## DATA FOR REVIEW
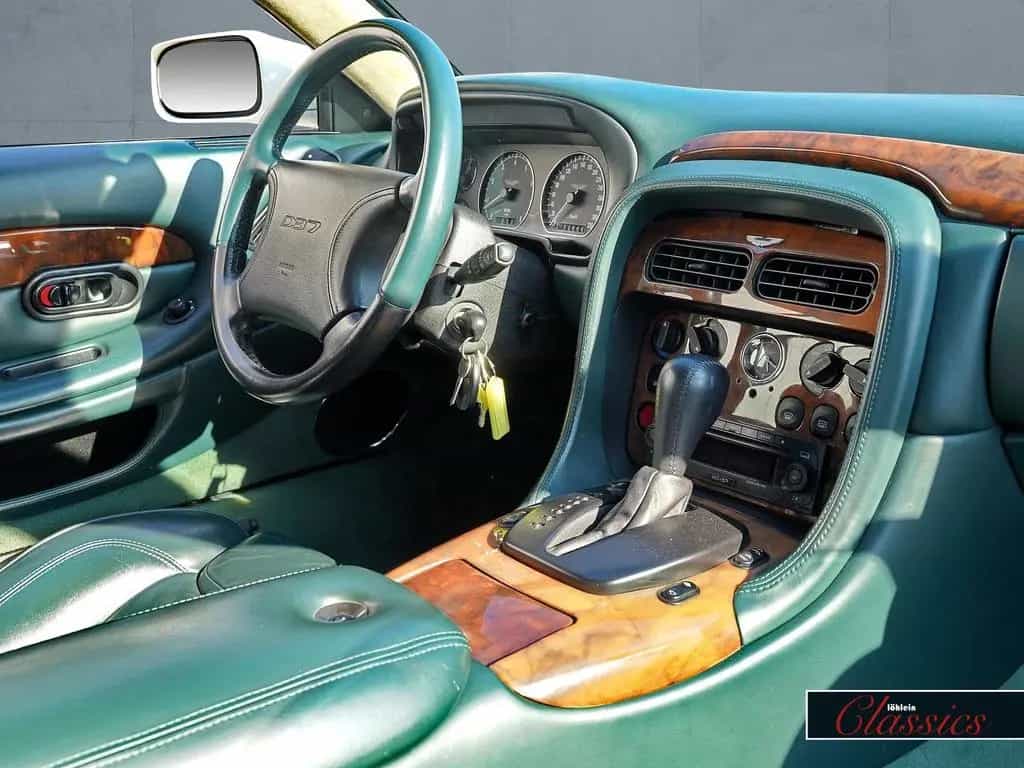 Aston Martin DB7 Vantage Volante 07/1999-photo-6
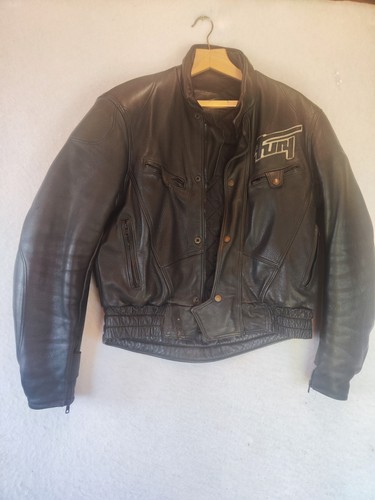 Fury motorbike jacket leather - fury,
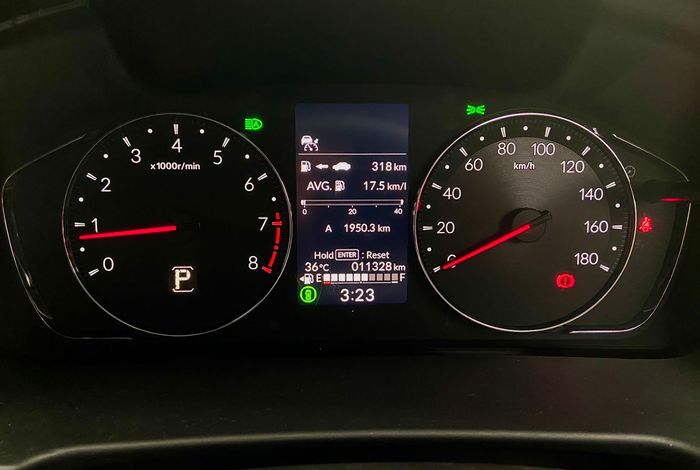 Konsumsi BBM Honda WR-V RS selama 9 hari Holiday Fun Drive 2023 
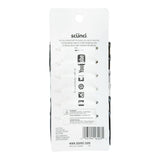 Scunci - Effortless Beauty Side Hair Combs Assorted, 12 Ct - 48 Pack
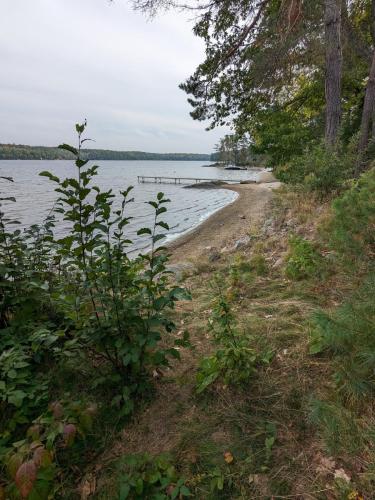 Outside - Beach from steps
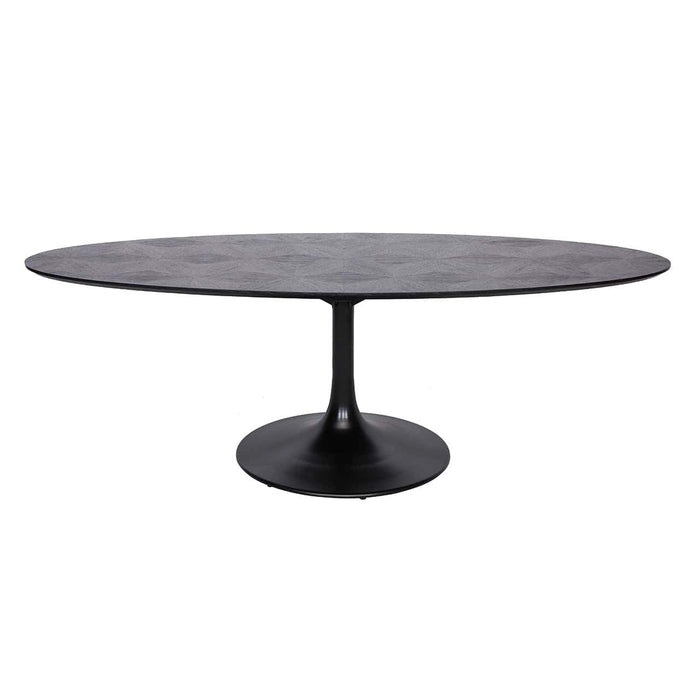 Eettafel Blax ovaal 230 Zwart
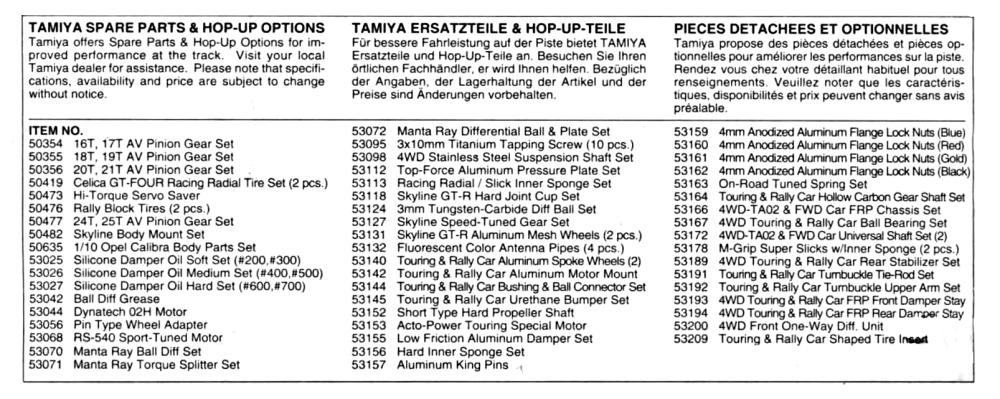 Tamiya - TA-02 Chassis - Manual - Page 16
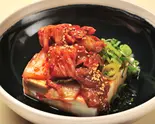 韓国風冷やっこ(多幸【旧タコカフェわなか】)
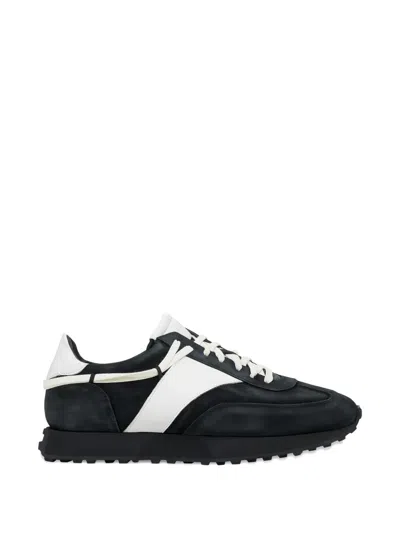 Rhude Runner Low-tops Sneakers In Multi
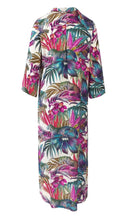 Load image into Gallery viewer, Rush Kaftan Dress - Lush Leopard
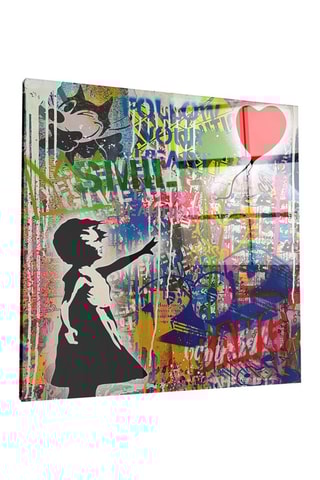 Tableau "La Petite Fille au ballon" Banksy
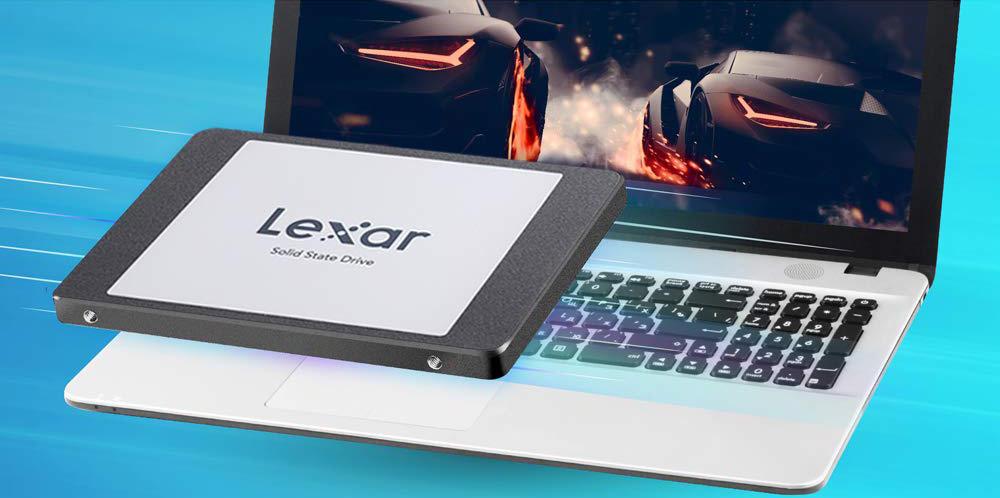 Ổ cứng SSD Lexar NS100 120GB Sata III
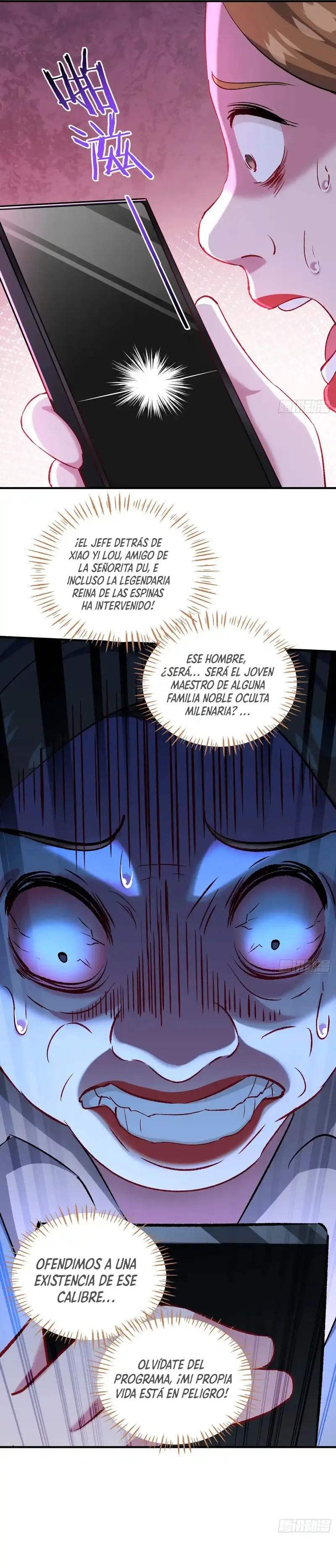 Despues De Dejar De Actuar Como Un Perro, Me Convertí En Un Magnate Celestial Urbano Capítulo 242 - Page 17
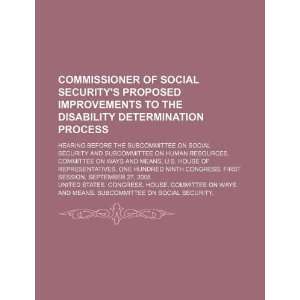  of Social Securitys proposed improvements to the disability 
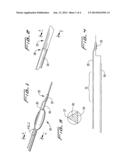 CUTTING WIRE ASSEMBLY FOR USE WITH A CATHETER diagram and image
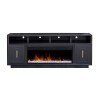Sunset 83 Inch Fireplace Console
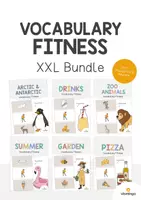 Vista previa - Juegos / Gamificación - VOCABULARY FITNESS: Paquete XXL para la clase de inglés - Portada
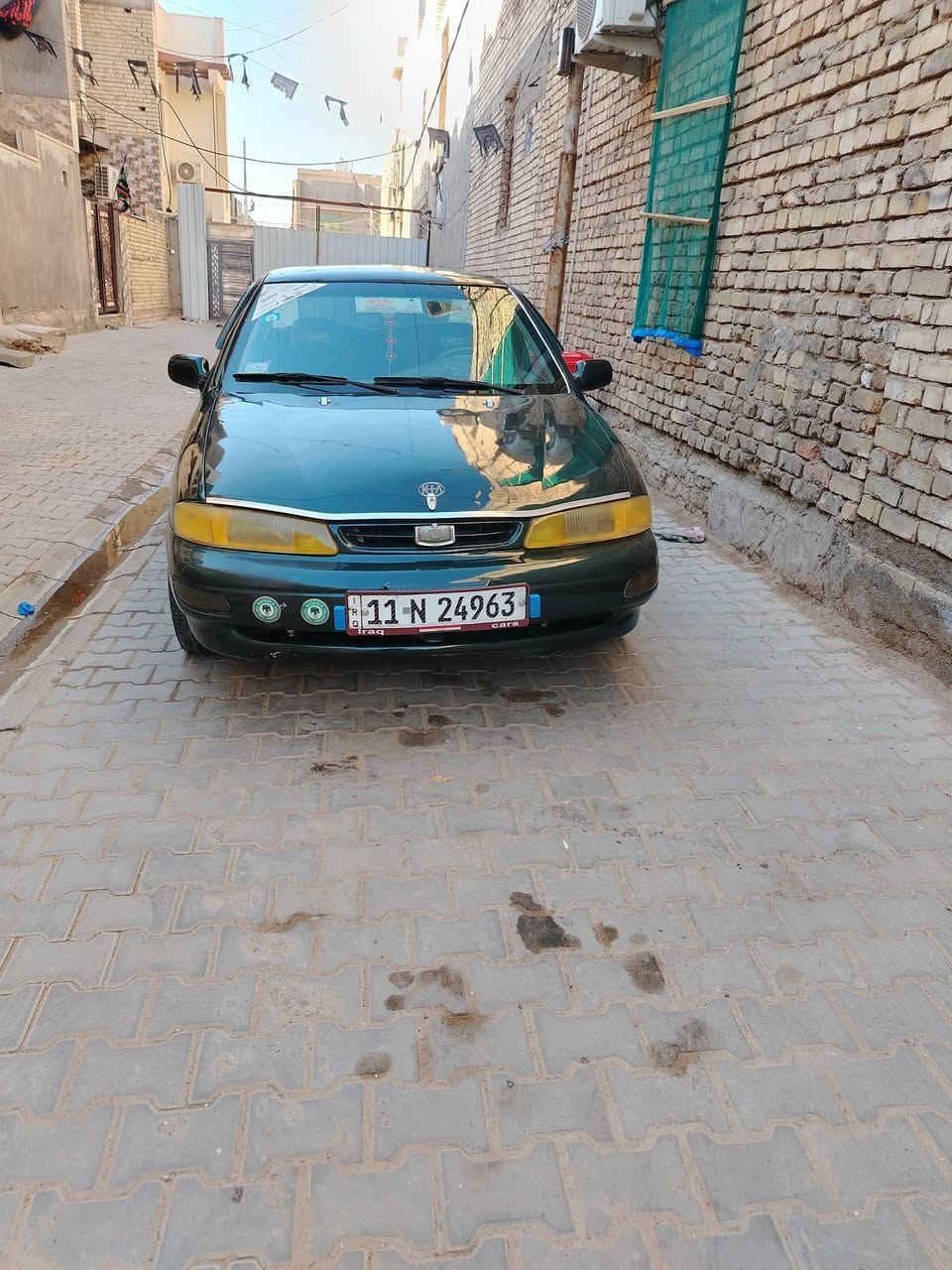 السلام عليكم للبيع كيه سيفيا رقم بغداد موديل ٩٦ كير اوتوماتيك السعر ٣١ بيه مجال مكان سيارة بغداد الشعله رقم الهاتف ***********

## WORK TASK
In the records above, copy exactly everything from the line that has "韓国風冷やっこ(多幸【旧タコカフェわなか】)" down to the line that has "Despues De Dejar", both ends included, and leave out the pictures.

## RESPONSE TO THE EXERCISE
 韓国風冷やっこ(多幸【旧タコカフェわなか】)
 Rhude Runner Low-tops Sneakers In Multi
 Load image into Gallery viewer, Rush Kaftan Dress - Lush Leopard
 Tableau "La Petite Fille au ballon" Banksy
 Ổ cứng SSD Lexar NS100 120GB Sata III
 Despues De Dejar De Actuar Como Un Perro, Me Convertí En Un Magnate Celestial Urbano Capítulo 242 - Page 17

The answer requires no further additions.